_Required action:_
The stretch wanted below opens at the line containing "RedDoorz Plus near Dunia Fantasi Ancol" and closes at the line containing "2001 Volkswagen Jetta". Please return it exactly, with no other lines.

_Source material:_
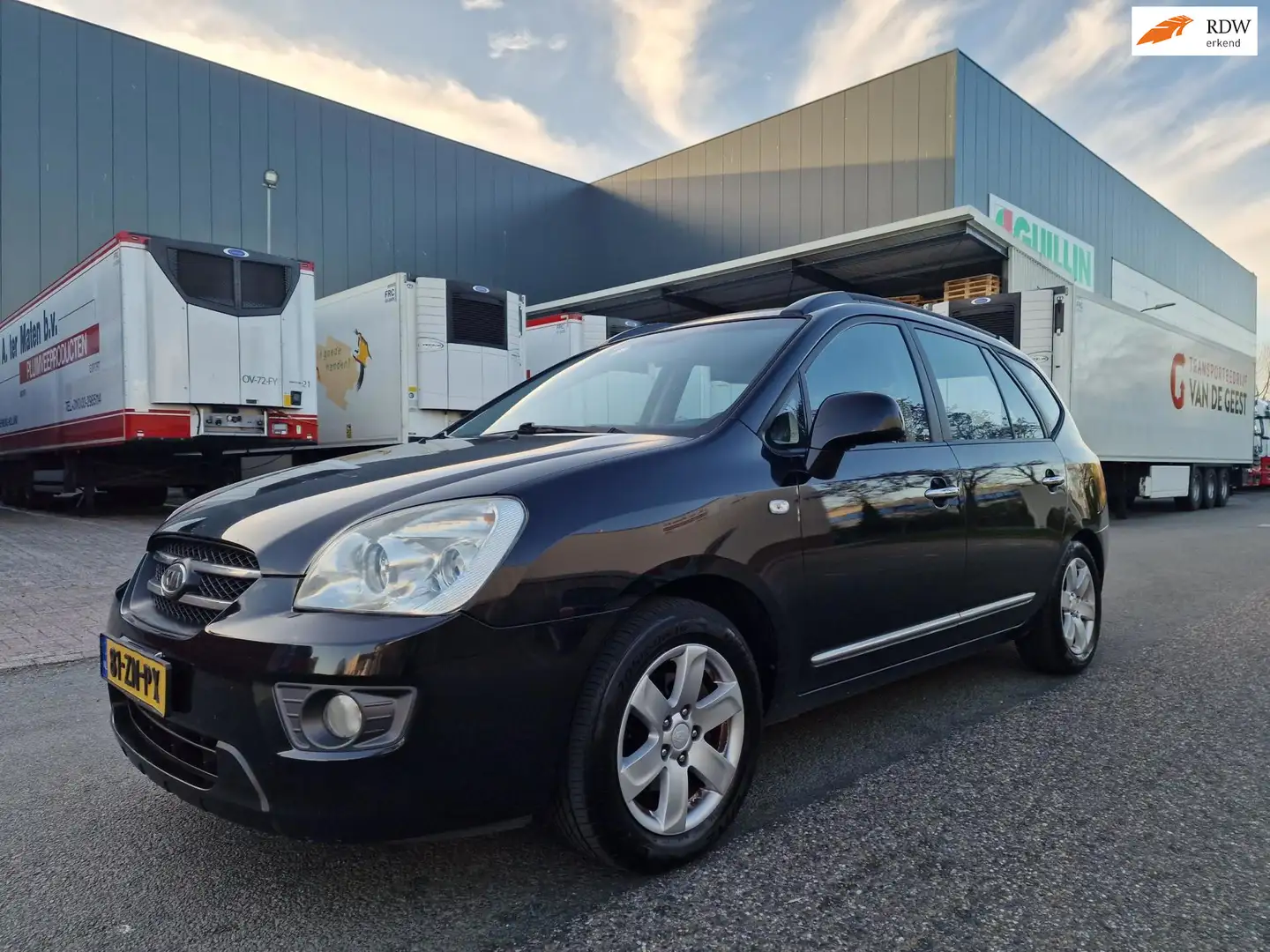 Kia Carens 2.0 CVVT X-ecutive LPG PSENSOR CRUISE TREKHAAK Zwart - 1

---

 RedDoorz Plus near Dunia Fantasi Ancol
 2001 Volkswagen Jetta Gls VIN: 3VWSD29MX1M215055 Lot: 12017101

_Response area:_
 RedDoorz Plus near Dunia Fantasi Ancol
 2001 Volkswagen Jetta Gls VIN: 3VWSD29MX1M215055 Lot: 12017101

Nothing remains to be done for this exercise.